Τρίτη 21 Νοεμβρίου 2017

Case 248: Cystic Duodenal Dystrophy with Groove Pancreatitis.

Case 248: Cystic Duodenal Dystrophy with Groove Pancreatitis.

Radiology. 2017 Dec;285(3):1045-1051

Authors: Patil AR, Nandikoor S, Mallarajapatna G, Shivakumar S

Abstract
History A 59-year-old man presented to the gastroenterology outpatient department with acute abdominal pain centered in the epigastrium. He had experienced similar episodes of abdominal pain in the past that had been treated with surgery. He reported multiple failed attempts at upper gastrointestinal endoscopy.
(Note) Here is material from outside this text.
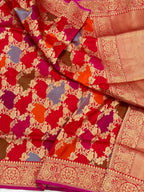 Red Pure Katan Silk Rangkaat Saree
Laboratory tests were performed at the time of admission and revealed a serum glutamic-oxaloacetic transaminase level of 9 U/L [0.15 μkat/L] (normal range, 5-40 U/L [0.08-0.67 μkat/L]), a serum glutamic-pyruvic transaminase level of 34 U/L [0.57 μkat/L] (normal range, 5-45 U/L [0.08-0.75 μkat/L]), a serum γ-glutamyltransferase level of 210 U/L (3.50 μkat/L) (normal range, 10-50 U/L [0.17-0.83 μkat/L]), a serum alkaline phosphatase level of 157 U/L (2.62 μkat/L) (normal range, 30-120 U/L [0.50-2.0 μkat/L]), a serum amylase level of 210 U/L (3.50 μkat/L) (normal range, 30-100 U/L [0.50-1.66 μkat/L]), a serum lipase level of 391 U/L (6.52 μkat/L) (normal range, 13-60 U/L [0.21-1.0 μkat/L]), an α-fetoprotein level of 3.81 ng/ mL (normal range, 0-9 ng/mL), a total protein level of 4.6 g/dL (normal range, 6.0-8.5 g/dL), and an albumin level of 2.6 g/dL (normal range, 3.5-5.2 g/dL). The rest of the laboratory data were unremarkable. The patient underwent erect abdominal radiography, contrast material-enhanced multidetector row computed tomography (CT) of the abdomen with 100 mL of iohexol (300 mg iodine per milliliter, Omnipaque; GE Healthcare, Shanghai, China) followed by combined positron emission tomography (PET) and CT (hereafter, PET/CT) with 6.9 mCi of fluorodeoxyglucose (FDG) and magnetic resonance (MR) imaging of the upper abdomen.